Rank–nullity as the fundamental trade-off of coding

The numbers $6$, $3$, and $3$ are not arbitrary; they are the parameters of the code, and rank–nullity is the law relating them. A linear code is specified as an $[n,k]$ code: $k$ message symbols encoded into $n$ codeword symbols. The encoding map $E:\mathbb{R}^k\to\mathbb{R}^n$ is injective (so $\dim\ker E=0$ and $\dim\operatorname{im}E=k$), the code is a $k$-dimensional subspace of $\mathbb{R}^n$, and the parity-check map $H:\mathbb{R}^n\to\mathbb{R}^{n-k}$ has the code as its kernel, so $\dim\ker H = k$ forces $\operatorname{rank}H = n-k$. The number of parity checks is $n-k$, the redundancy of the code — and it is precisely the rank of the parity-check map, dictated by rank–nullity.

This makes the central engineering trade-off a linear-algebra identity. More redundancy ($n-k$ large) spreads codewords farther apart and corrects more errors, but wastes more channel capacity; less redundancy is efficient but fragile. The dimension of the code, $k$, plus the redundancy, $n-k$, must equal the block length $n$ — there is no free lunch, and the "lunch" is literally accounted for by $\dim\ker H + \dim\operatorname{im}H = n$. Designing a good code is choosing a $k$-dimensional subspace of $\mathbb{R}^n$ (equivalently, a generator $G$ or a parity-check $H$) whose codewords are as far apart as possible for the redundancy spent — an optimization over subspaces, which is to say, over the images and kernels of linear maps.

The Chapter 35 dictionary, applied

Step back and read off how cleanly the abstract vocabulary maps onto the concrete technology:

Encoding = a linear map $E=G$ from message space to codeword space.
"Distinct messages stay distinct" = $E$ is injective = $\ker E=\{\mathbf{0}\}$ = $G$ has full column rank.
The set of valid codewords = the image of $E$ = the column space of $G$ = a $k$-dimensional subspace of $\mathbb{R}^n$.
Error detection = testing membership in the image = testing membership in the kernel of the parity-check map $H$, via the syndrome $H\mathbf{r}$.
Redundancy $n-k$ = the rank of $H$, fixed by rank–nullity $\dim\ker H+\operatorname{rank}H=n$.

Not one of these statements required an idea from outside this chapter. The encoding map is a linear transformation; its kernel and image are the null space and column space of Chapter 13; rank–nullity governs the trade-off between message size and protection.
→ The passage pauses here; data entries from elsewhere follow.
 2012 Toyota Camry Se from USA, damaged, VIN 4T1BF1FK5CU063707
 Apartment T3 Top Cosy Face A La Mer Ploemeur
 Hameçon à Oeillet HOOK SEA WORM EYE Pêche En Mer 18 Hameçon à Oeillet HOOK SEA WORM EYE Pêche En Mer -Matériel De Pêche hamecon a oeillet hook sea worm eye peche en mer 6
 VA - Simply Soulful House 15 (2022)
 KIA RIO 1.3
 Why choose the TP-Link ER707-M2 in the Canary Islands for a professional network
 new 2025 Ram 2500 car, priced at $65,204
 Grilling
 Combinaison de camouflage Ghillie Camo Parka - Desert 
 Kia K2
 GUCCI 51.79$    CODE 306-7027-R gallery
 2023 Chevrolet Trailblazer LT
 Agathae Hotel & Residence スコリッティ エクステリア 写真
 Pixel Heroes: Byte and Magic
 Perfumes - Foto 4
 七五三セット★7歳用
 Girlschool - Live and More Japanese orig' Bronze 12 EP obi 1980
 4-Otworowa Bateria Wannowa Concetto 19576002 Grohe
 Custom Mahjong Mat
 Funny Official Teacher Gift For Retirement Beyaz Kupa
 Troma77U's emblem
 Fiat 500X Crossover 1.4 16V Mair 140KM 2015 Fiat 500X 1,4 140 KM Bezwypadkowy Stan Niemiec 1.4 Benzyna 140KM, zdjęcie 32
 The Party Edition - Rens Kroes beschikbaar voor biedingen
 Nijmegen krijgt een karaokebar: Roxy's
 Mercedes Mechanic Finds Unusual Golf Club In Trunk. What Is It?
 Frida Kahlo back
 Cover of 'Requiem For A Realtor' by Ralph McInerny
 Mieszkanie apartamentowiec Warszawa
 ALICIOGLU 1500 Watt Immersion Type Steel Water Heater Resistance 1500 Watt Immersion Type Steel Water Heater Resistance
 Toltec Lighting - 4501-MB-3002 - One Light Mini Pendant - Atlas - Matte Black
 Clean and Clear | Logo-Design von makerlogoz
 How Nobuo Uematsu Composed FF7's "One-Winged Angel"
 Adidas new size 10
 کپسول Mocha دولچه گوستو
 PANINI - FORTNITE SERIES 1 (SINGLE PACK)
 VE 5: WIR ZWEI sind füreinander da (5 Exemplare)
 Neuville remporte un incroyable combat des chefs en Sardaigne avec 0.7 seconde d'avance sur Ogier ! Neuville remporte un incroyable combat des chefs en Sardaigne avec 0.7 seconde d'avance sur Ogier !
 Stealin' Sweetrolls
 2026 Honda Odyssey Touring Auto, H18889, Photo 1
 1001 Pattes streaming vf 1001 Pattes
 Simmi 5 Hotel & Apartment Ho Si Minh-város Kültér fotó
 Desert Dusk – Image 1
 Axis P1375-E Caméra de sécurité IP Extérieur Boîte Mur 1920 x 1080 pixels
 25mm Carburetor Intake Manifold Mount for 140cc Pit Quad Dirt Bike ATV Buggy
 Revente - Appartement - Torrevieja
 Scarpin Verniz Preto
A computer scientist designing a code and a calculus student solving a differential equation (Case Study 1) are working the same structure — preimages, kernels, and images of linear maps — which is exactly the unifying claim the chapter set out to prove. The abstraction earns its keep: master linear maps once, and error-correcting codes, differential equations, and quantum observables are all the same subject seen from different windows.